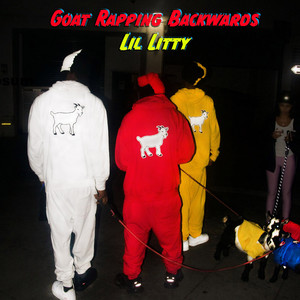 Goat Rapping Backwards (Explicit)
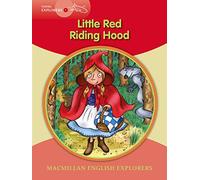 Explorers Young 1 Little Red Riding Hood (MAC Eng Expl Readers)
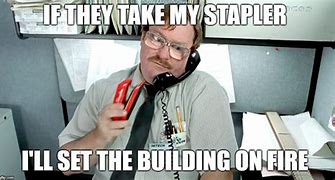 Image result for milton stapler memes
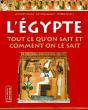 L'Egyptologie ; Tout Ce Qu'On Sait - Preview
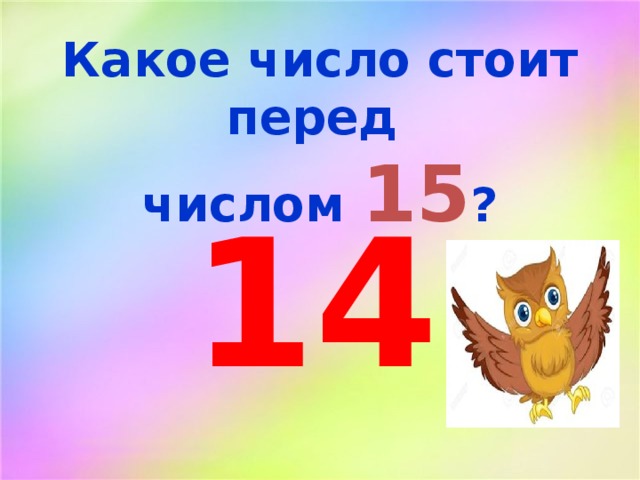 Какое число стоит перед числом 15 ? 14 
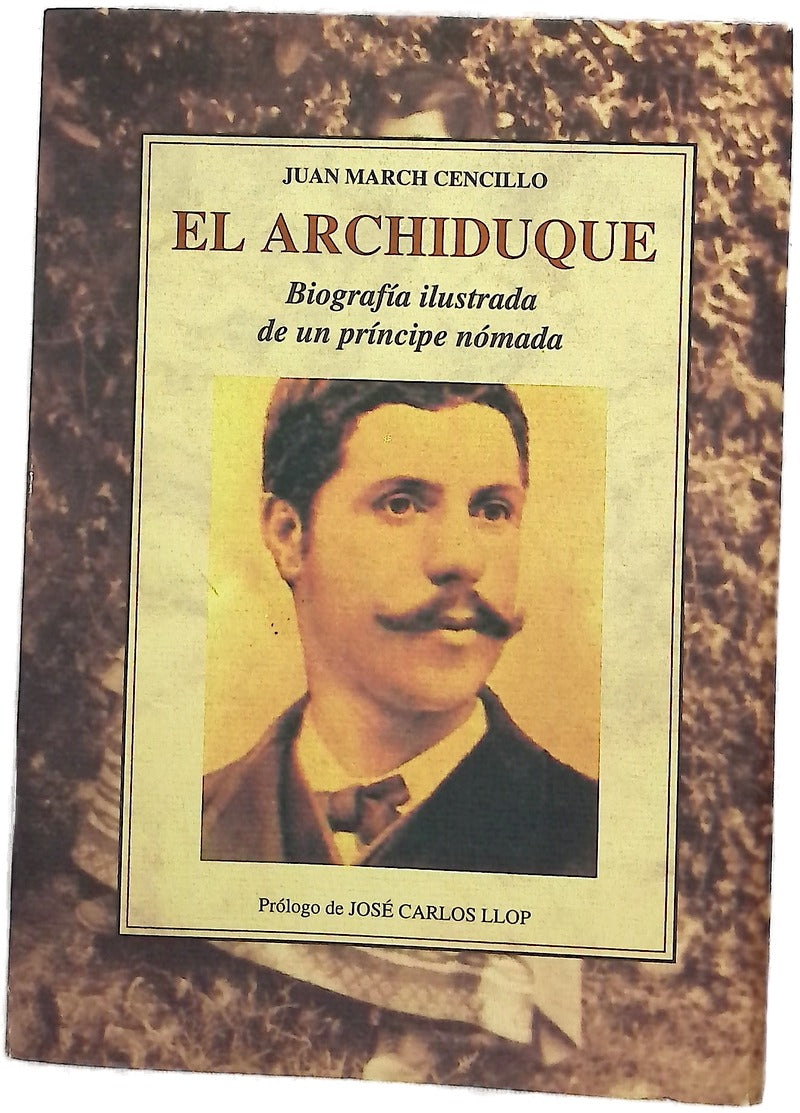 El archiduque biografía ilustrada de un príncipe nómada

________________________________________

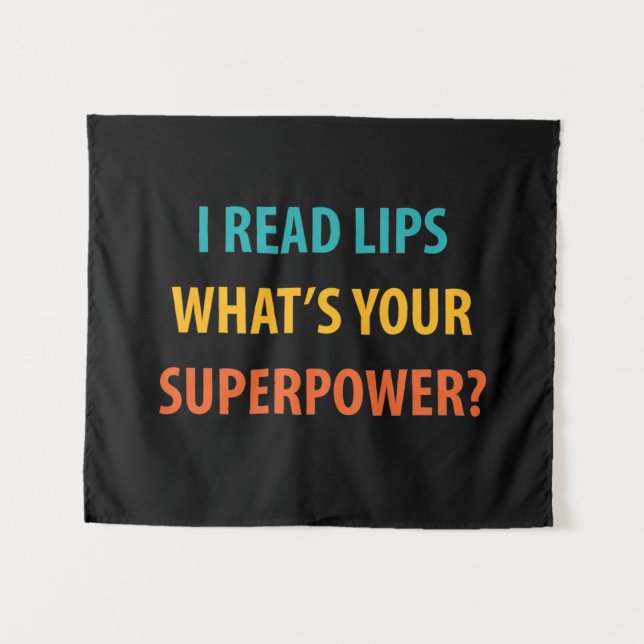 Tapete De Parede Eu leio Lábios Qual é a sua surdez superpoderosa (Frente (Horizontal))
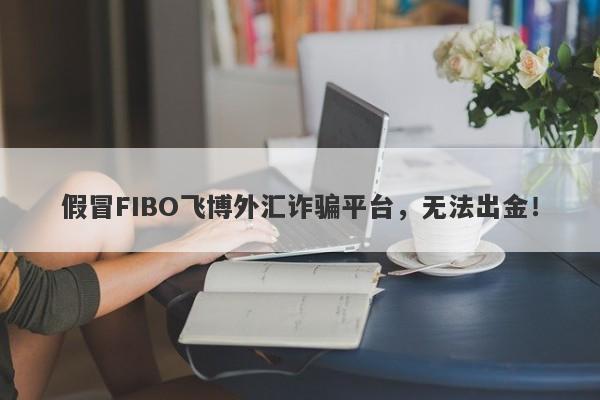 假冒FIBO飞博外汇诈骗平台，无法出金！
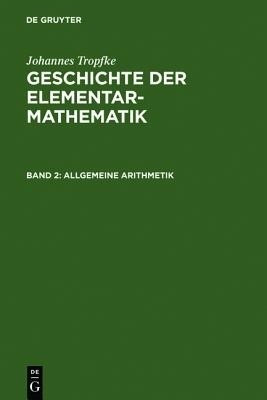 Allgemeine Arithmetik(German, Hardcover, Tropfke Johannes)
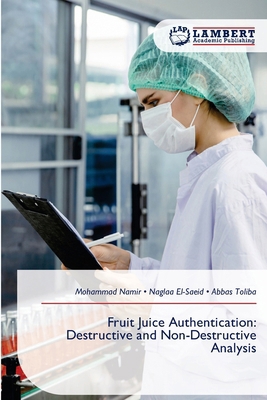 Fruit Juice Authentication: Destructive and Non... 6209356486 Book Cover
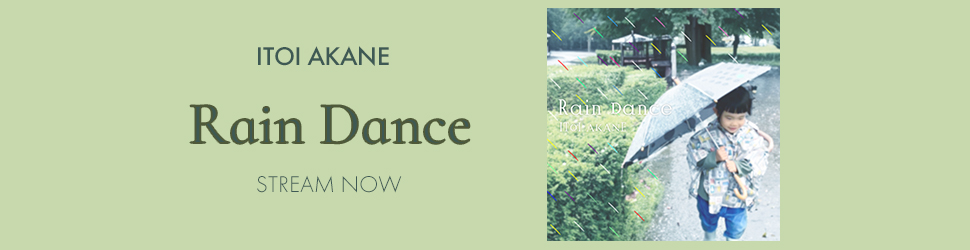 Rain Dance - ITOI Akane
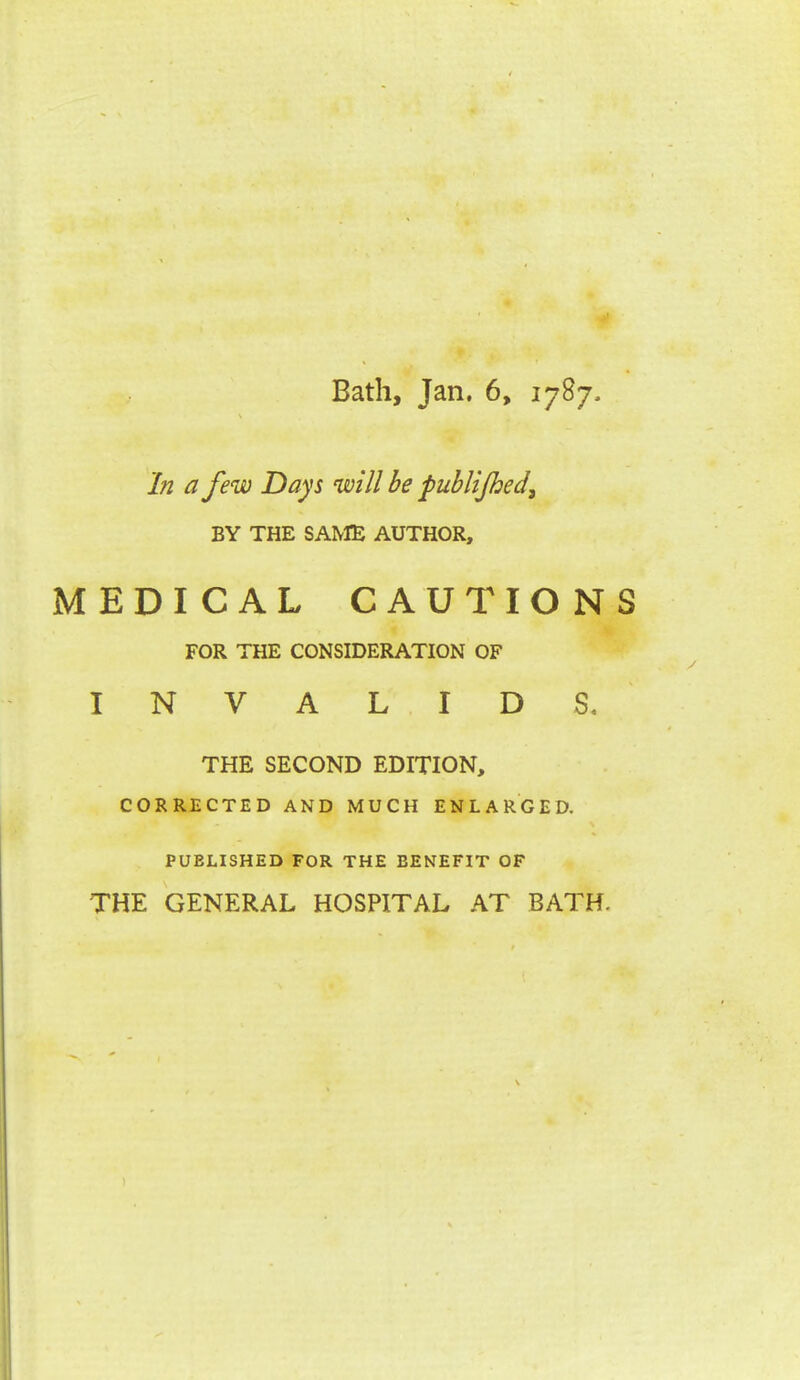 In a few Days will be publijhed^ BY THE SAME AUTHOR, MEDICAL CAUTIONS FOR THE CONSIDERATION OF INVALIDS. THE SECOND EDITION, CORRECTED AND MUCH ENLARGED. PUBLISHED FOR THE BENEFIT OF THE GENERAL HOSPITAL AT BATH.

________________________________________

** Problem statement **
Please repeat the lines of the material above exactly, starting with the line that contains "Tapete De Parede" and ending with the line that contains "In a few Days". Leave the pictures out.

** Expected answer **
 Tapete De Parede Eu leio Lábios Qual é a sua surdez superpoderosa (Frente (Horizontal))
 假冒FIBO飞博外汇诈骗平台，无法出金！
 Allgemeine Arithmetik(German, Hardcover, Tropfke Johannes)
 Fruit Juice Authentication: Destructive and Non... 6209356486 Book Cover
 Rain Dance - ITOI Akane
 In a few Days will be publijhed^ BY THE SAME AUTHOR, MEDICAL CAUTIONS FOR THE CONSIDERATION OF INVALIDS. THE SECOND EDITION, CORRECTED AND MUCH ENLARGED. PUBLISHED FOR THE BENEFIT OF THE GENERAL HOSPITAL AT BATH.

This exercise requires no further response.